Refining 60% of EBITDA, guidance maintained. What about Q4 15?

  • 27 Oct 15

The company published its Q3 15 report with better net results at €180m vs. €153m expected. EBITDA was in line with the consensus at €411m. By division: 1) E&P EBITDA came in at €89m, down from €132m a year ago and down from €120m in Q2 15. Production was up by 44% and reached 45.7kbpd with Brazil up 77% accounting for 86%. The start-up of production of FPSO 3 and 4 increased production costs by €12m to €35m. 2) R&M EBITDA came in at €245m, up 70% yoy and up from €224m in Q3 15. The refining margin came in slightly lower than in Q2 15 but the raw material was also a bit higher. Production of middle distillates accounted for 47% of production. Consumption and losses during the quarter accounted for 7% of the raw material. The international market still supported the margin despite a decrease due to lower arbitrage in gasoline between the US and Europe. 3) Gas&Power EBITDA came down 27% to €72m despite volumes increasing by 14% (in the trading segment) which offset volumes sold to direct clients in the Iberian Peninsula (industrial segment). Few opportunities in the LNG international market and lower natural gas hit the EBITDA which came down from 30% yoy to €37m (half of the division's EBITDA). Capex in Q3 15 was €256m mainly linked to Brazil's E&P. Cash flow from operations before working capital was €255m. The interim dividend paid was €172m. Thanks to positive working capital (+€275m), debt was stable at €2.4bn. Year to date the group has generated enough cash to cover its dividend.

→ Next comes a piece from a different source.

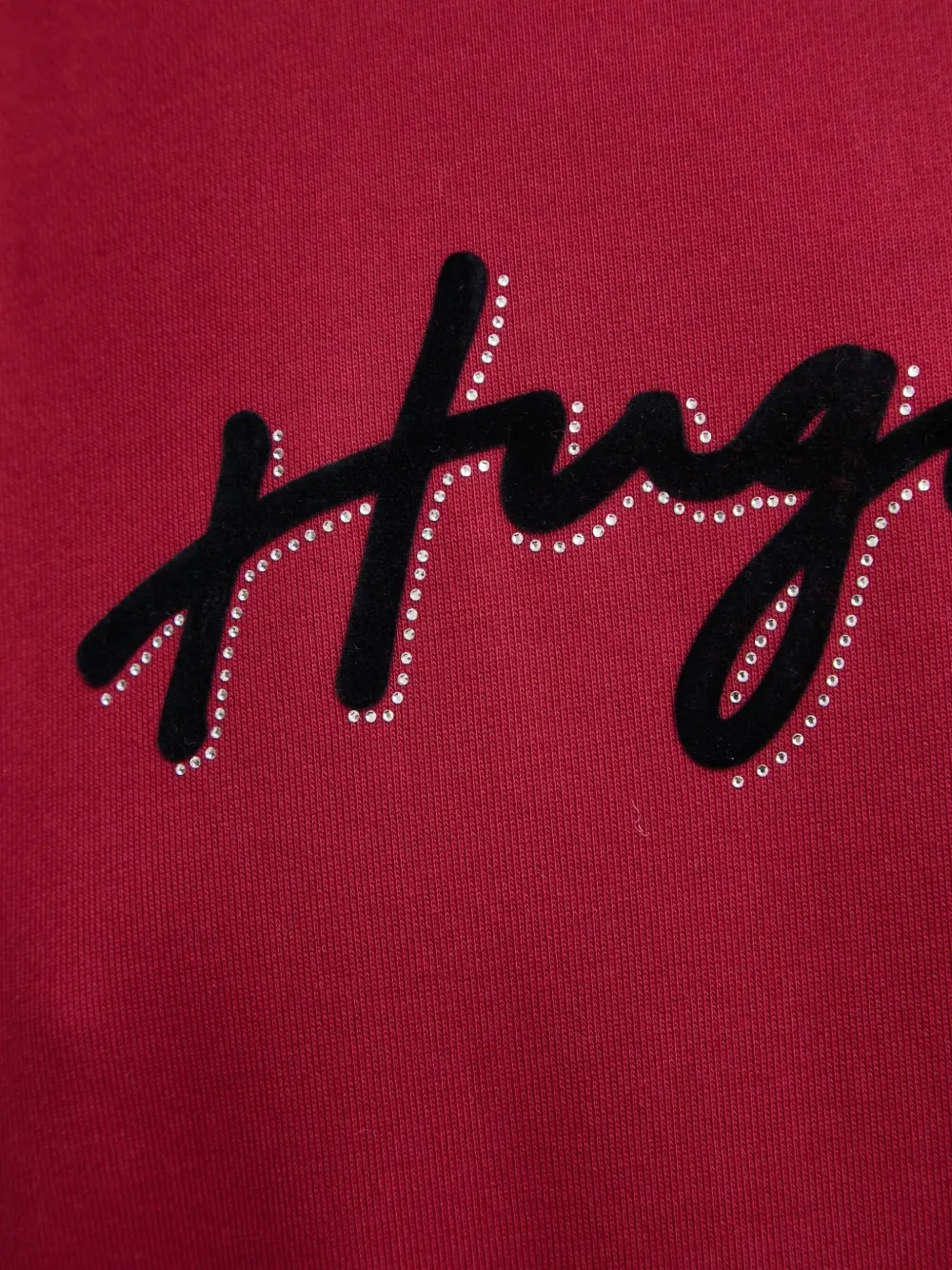HUGO Sweater met logo Rood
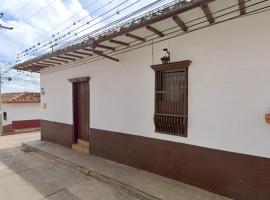 Casa a pasos del corazón de Zapatoca，位于萨帕托卡的公寓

Brazil is stronger than refining

  • 27 Jul 15

Galp reported it Q2 15 results 30% above expectations at the bottom line. The beat is driven by all divisions. Refining has been strong as expected, while E&P production growth (close to 100% yoy) supported the increase in E&P. The company revised its estimates for average 2015 working interest production to c.43 kboepd. Galp expects a new offshore oil production platform on the Iracema North field to start pumping crude in the coming days, a quarter ahead of schedule. All in all, this means group EBITDA is 15% higher than the previous guidance. By division, in Q2 15: E&P EBITDA rose 12.5% yoy to €120m (despite an oil price at $53/bbl. in Q2 15 vs. $108.5/bbl. in Q2 14 for Galp), thanks to lower production costs (-60%, driven by Angola) and higher production (+86% at 41kbpd). Production from Brazil accounted for 82% of the total production vs. 70% a year earlier. R&M EBITDA came at €184m, vs. €41m in Q2 14, with high volumes refined (+14.7% and the refining margin at $7.3/bbl, while refining's cash costs increased to $2.6/bbl. vs. $2.4/bbl. The production of middle distillates accounted for 46% of total production. G&P EBITDA came in 24% lower yoy to €92m, on the back of fewer LNG volumes traded and lower natural gas prices in different markets. Volumes sold in the industrial segment decreased 5% due to client portfolio optimisation in Portugal. Volumes sold in the retail segment fell 16% as a result of increased competition in the Iberian market. Taxes came in higher than last year as they include the special participation tax payable in Brazil and IRP payable in Angola of €35m in Q2 15. Cash flow from operations was €511m (vs. €374m in Q1), capex at €313m and dividend of €145m. Net debt is stable at €2.3bn with an average interest rate of 3.9% and 3.3 years maturity.